You may turn a pool of rare NFTs into a yielding collection of NFTs with the help of Charged Particles, a slick NFT minting platform. With Charged Particles, members of platforms like Aave can convert any ERC-20 token or NFT together into a new NFT with yield. Similar to how Charged Articles hands out bags (the new NFT) to store your other collectables, this bag will also generate interest.
Newly created NFTs can be charged (assets backed by Aave’s aTokens can be swapped, and their liquidity accessed) and time-locked (assets cannot be withdrawn before a specific period). Interest in assets might also be predetermined.
The 1,000 pixelated apes NFTs that make up CyberKongz were developed in March of 2021. The project gained a lot of attention fast, and its NFT collection is now among the most valuable in the world, placing it in the top 20 on the price floor. Subsequently, a BANANA token was integrated, allowing Kongz NFT owners to earn dividends passively.

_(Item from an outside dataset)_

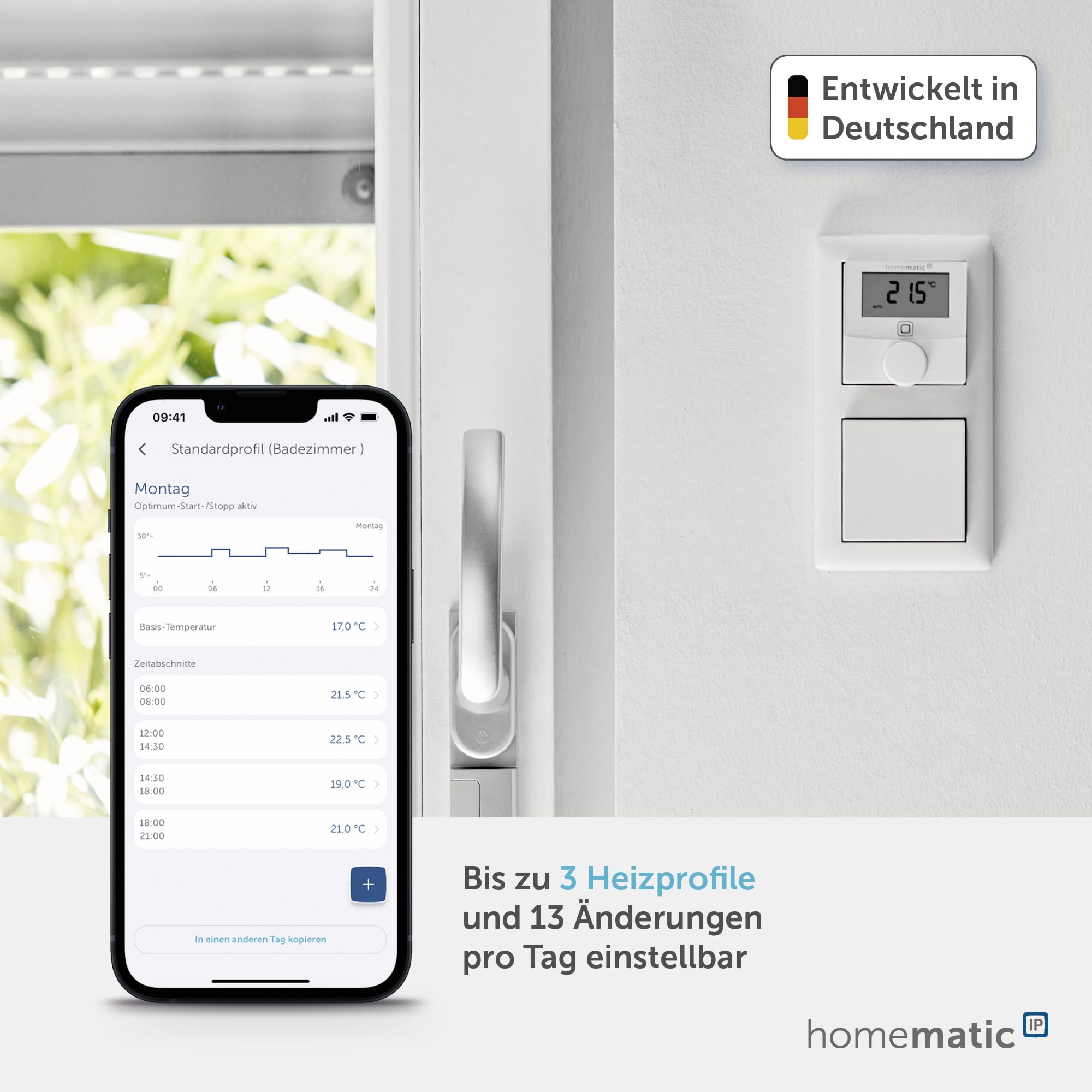 Homematic IP Wandthermostat mit Schaltausgang – für Markenschalter, Smart Home, digitales Thermostat Fußbodenheizung mit/ohne App, Alexa, Google Home, Temperaturmessung, Energie sparen, 150628A0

For the next decade, each Genesis CyberKong will create 10 BANANA daily, making them a simple source of passive NFT income. While only the initial 1,000 Genesis Kongz is productive, all Kong holders have access to free CoberKongz minting and can breed Baby Kongz.
The yield farming rewards in Bunicorn, a DeFi RPG, can be earned from NFTs and vested over time. Bunicorn uses a conventional liquidity mining technique to disperse its BUNI token, in which token pool participants can stake their tokens or contribute liquidity. Bunicorn opted to package their farming rewards in NFT collectibles to prevent token dumping. Users can trade their NFTs, secured by the underlying assets, when a vesting period has passed.
NFTs are valued because of the rewards associated with farming, even if they do not produce any output themselves.
Locking up or staking your bitcoin in return for interest or additional cryptocurrency is at the heart of yield farming. Growing cryptocurrency markets will drive widespread adoption of yield farming. It’s the same basic idea behind lending with interest to make a profit for investors that have existed for as long as banks have.